• Requirement: Send back exactly the lines from the opening line of the records below through the one with "Male engineer designs".

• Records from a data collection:
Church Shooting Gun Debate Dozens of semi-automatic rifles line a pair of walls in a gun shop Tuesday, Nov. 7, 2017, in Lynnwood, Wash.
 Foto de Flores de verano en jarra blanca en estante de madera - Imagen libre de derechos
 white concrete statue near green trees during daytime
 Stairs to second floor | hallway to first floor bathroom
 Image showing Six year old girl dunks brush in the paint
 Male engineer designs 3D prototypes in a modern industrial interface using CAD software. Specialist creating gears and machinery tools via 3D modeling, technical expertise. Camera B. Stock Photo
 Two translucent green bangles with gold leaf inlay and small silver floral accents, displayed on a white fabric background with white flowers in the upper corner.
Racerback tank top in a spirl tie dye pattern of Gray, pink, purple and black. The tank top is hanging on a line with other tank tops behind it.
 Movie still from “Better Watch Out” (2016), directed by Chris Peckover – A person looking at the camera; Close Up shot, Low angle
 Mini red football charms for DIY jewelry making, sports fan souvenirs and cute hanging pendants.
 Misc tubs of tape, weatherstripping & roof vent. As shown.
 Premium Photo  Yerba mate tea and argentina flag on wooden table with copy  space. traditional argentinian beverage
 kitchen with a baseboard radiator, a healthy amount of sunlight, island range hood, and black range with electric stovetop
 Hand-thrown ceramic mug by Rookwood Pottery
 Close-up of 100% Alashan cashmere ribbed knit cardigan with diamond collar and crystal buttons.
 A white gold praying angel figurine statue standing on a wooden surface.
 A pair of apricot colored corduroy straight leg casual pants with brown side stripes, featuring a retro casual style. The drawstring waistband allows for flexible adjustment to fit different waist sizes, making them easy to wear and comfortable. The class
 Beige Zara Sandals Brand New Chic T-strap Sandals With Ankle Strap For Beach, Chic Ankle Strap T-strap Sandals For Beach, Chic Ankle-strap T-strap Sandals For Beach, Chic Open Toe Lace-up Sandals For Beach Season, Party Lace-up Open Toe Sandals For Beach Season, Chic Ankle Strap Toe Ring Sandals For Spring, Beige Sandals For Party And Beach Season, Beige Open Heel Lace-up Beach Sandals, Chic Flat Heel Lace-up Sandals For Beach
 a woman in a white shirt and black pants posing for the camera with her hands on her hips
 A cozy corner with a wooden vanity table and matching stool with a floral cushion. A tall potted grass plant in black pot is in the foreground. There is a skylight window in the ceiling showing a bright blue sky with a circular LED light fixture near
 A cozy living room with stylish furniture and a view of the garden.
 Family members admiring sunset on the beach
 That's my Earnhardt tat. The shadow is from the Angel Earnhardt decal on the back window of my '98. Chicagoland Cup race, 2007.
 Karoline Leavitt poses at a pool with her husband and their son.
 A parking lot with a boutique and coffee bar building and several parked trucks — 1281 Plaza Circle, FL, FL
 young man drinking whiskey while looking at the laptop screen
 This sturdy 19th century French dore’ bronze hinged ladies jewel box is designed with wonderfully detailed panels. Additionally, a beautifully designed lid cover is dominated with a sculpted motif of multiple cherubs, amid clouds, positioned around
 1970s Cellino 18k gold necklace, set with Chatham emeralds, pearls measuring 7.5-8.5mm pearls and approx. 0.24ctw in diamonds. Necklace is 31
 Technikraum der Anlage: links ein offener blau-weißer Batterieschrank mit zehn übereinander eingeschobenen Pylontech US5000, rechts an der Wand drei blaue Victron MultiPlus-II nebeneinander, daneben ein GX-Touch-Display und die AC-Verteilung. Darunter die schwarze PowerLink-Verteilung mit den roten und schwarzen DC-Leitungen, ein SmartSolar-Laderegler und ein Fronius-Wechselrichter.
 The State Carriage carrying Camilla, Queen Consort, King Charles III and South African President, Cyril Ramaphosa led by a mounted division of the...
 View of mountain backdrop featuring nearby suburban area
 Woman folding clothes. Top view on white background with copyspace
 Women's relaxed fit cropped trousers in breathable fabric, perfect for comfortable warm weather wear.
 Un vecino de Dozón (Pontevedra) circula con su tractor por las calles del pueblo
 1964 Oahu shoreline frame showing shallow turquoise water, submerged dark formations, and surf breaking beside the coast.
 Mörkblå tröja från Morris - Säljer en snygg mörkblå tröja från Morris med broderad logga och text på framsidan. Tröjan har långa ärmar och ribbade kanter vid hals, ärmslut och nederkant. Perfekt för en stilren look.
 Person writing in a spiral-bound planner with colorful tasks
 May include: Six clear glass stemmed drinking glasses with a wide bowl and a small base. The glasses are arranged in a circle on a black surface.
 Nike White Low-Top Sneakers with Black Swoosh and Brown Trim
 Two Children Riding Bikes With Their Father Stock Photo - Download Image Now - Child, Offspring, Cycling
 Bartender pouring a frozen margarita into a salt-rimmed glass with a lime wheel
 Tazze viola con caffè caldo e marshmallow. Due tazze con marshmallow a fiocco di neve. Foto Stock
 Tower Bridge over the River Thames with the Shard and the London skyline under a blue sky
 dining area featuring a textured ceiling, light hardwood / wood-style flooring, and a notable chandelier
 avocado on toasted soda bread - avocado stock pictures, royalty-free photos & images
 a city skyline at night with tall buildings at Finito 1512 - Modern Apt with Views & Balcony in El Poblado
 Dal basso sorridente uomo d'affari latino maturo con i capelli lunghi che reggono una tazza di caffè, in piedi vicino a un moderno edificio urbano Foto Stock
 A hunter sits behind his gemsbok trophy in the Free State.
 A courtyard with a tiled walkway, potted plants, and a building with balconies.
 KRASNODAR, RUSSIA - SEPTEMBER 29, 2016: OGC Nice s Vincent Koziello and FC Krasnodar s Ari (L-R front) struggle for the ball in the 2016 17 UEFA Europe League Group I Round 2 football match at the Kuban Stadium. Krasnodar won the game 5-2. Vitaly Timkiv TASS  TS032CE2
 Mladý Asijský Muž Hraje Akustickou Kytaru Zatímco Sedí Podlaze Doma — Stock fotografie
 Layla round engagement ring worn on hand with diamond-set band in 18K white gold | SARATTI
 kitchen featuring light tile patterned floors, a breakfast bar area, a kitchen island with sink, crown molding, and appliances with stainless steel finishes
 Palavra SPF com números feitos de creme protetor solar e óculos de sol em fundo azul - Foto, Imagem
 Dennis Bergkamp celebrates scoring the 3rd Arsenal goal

• Solution to this exercise:
Church Shooting Gun Debate Dozens of semi-automatic rifles line a pair of walls in a gun shop Tuesday, Nov. 7, 2017, in Lynnwood, Wash.
 Foto de Flores de verano en jarra blanca en estante de madera - Imagen libre de derechos
 white concrete statue near green trees during daytime
 Stairs to second floor | hallway to first floor bathroom
 Image showing Six year old girl dunks brush in the paint
 Male engineer designs 3D prototypes in a modern industrial interface using CAD software. Specialist creating gears and machinery tools via 3D modeling, technical expertise. Camera B. Stock Photo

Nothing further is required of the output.